Report Card 2017

January 18, 2018 Wyatt
Benchmark for stocks portfolios: Vanguard Total World Stock ETF (Ticker: VT): +24.49%
About the Benchmark: VT is an ideal benchmark for the world stock market. It is a global stock index fund that covers approximately 98% of the world’s investable market capitalization. About 50% of the fund’s portfolio is invested in U.S. stocks, 40% in international developed stocks, and the remaining 10% in emerging-market stocks.
 
Benchmark for fixed income portfolios: iShares Core US Aggregate Bond ETF (Ticker: AGG): +3.53%
About the Benchmark: AGG provides a measure of the performance of the U.S. dollar denominated investment grade bond market, which includes investment grade (must be Baa3/BBB- or higher using the middle rating of Moody’s Investor Service, Inc., Standard & Poor’s, and Fitch Inc.) government bonds, investment grade corporate bonds, mortgage pass through securities, commercial mortgage backed securities and asset backed securities that are publicly for sale in the United States.
 
W. Swartz Total Return (WSTR): +23.25% (after fees)
About this Portfolio: This portfolio is 100% stocks and used in accounts I manage where the client has about $250,000 allocated to stocks. It is the flagship portfolio of W. Swartz & Co.

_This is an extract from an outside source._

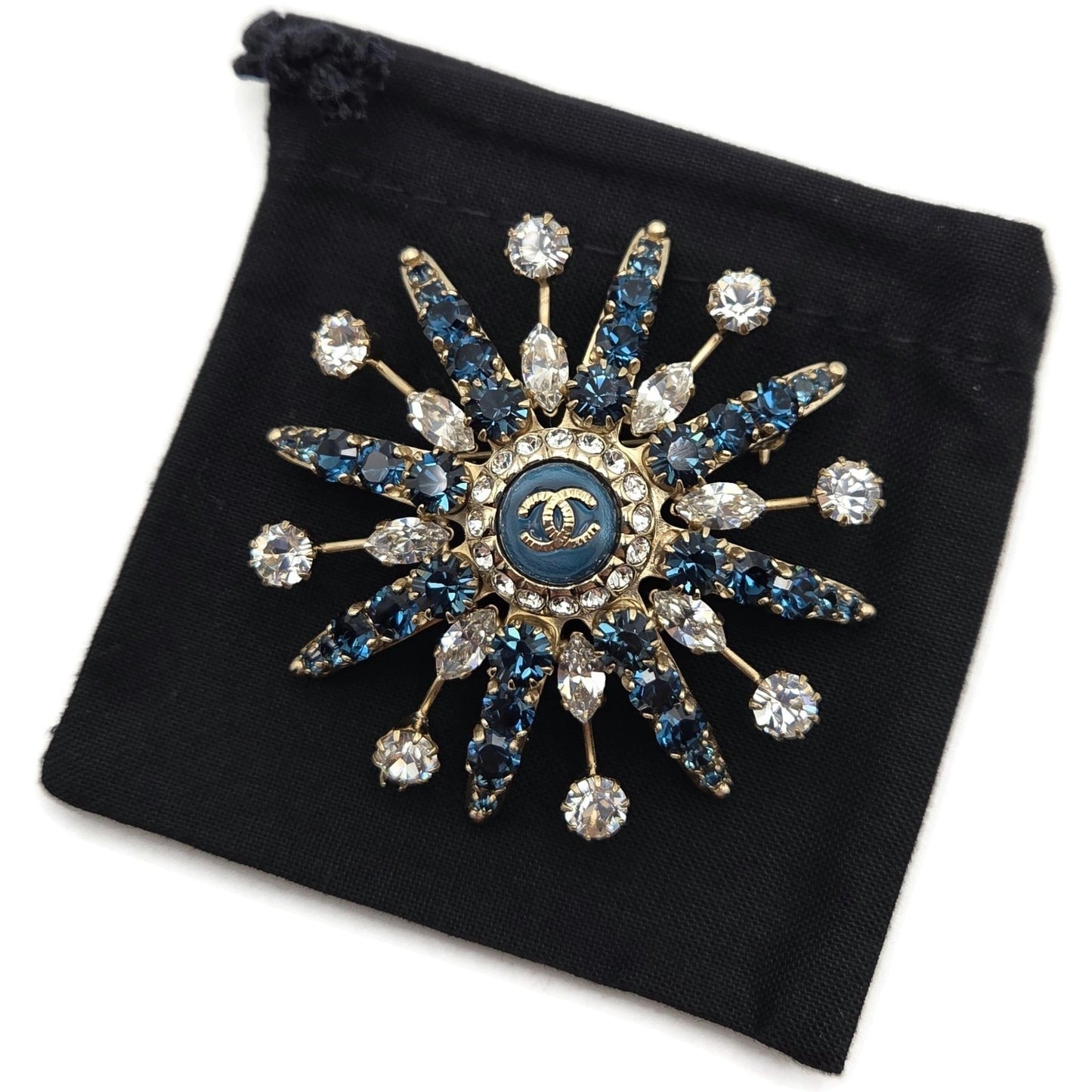 CoCo Chanel Starburst Brooch Blue Crystal Rhinestone Gold Tone Pin with Box Rare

Why the Underperformance? The primary cause of underperformance vs. benchmark was due to an underweight towards Emerging Markets vs. the benchmark. Emerging Markets were the top performing class when comparing US vs. International Developed vs. International Emerging.
 
BRAVO: +23.13% (after fees)
About this Portfolio: This portfolio is 100% stocks and used in accounts I manage where the client has below $100,000 allocated to stocks. It will mirror the WSTR portfolio in theme, but with fewer holdings.
Why the underperformance? Two primary causes.
  1. 1. These client portfolios had underperformance because “timing” of contributions and trades. Since the benchmark generally speaking took a very steady/smooth path higher during the course of the year, the BRAVO portfolios/accounts were negatively impacted by having ongoing contributions as those contributions were unable to get the full year’s positive returns.
  • Example: Account 100% allocated to the BRAVO portfolio starts year with $50k balance, but has another $15K contributed during the course of the year. That additional $15K did not get the benefit of previous returns that occurred before the contribution/investment date.
  1. A underweight to emerging markets vs. the benchmark contributed to underperformance. In terms of US, International Developed, and Emerging Markets, EM was the top performing category and the portfolio was underweight there.
CORE Fixed Income: +3.68% (after fees)
About this Portfolio:  This portfolio is 100% fixed income correlated securities. Meaning that it may not be invested in individual debt securities, but rather pools of debt securities in the form of ETFs &mutual funds. This portfolio uses the Vanguard Total Bond Market ETF as a benchmark.
Why the Outperformance? Overweights to high-yield, and corporate bonds vs the benchmark led to outperformance.
Individual Stocks: +27.93% (After Fees)
About this: This is the performance of the individual stock holdings within WSTR. Within the WSTR portfolio, the individual stock positions weighted equally (which they are within WSTR) achieved the above after fees return.
Why the Outperformance? One of the ways an investor can achieve alpha, that is outperformance compared to a benchmark if through stock selection. Meaning picking stocks that do better than the benchmark/overall market. This was the case for the individual holdings within the WSTR portfolio in 2017.
Conclusion: While I would have preferred to see all portfolios outperform in 2017, every portfolio performed in line with benchmark. First and foremost it is my job to ensure that clients get the type of returns they are supposed to get over long-term periods. All portfolios were successful in achieving that purpose. The average investor has drastic underperformance over short and long-term periods.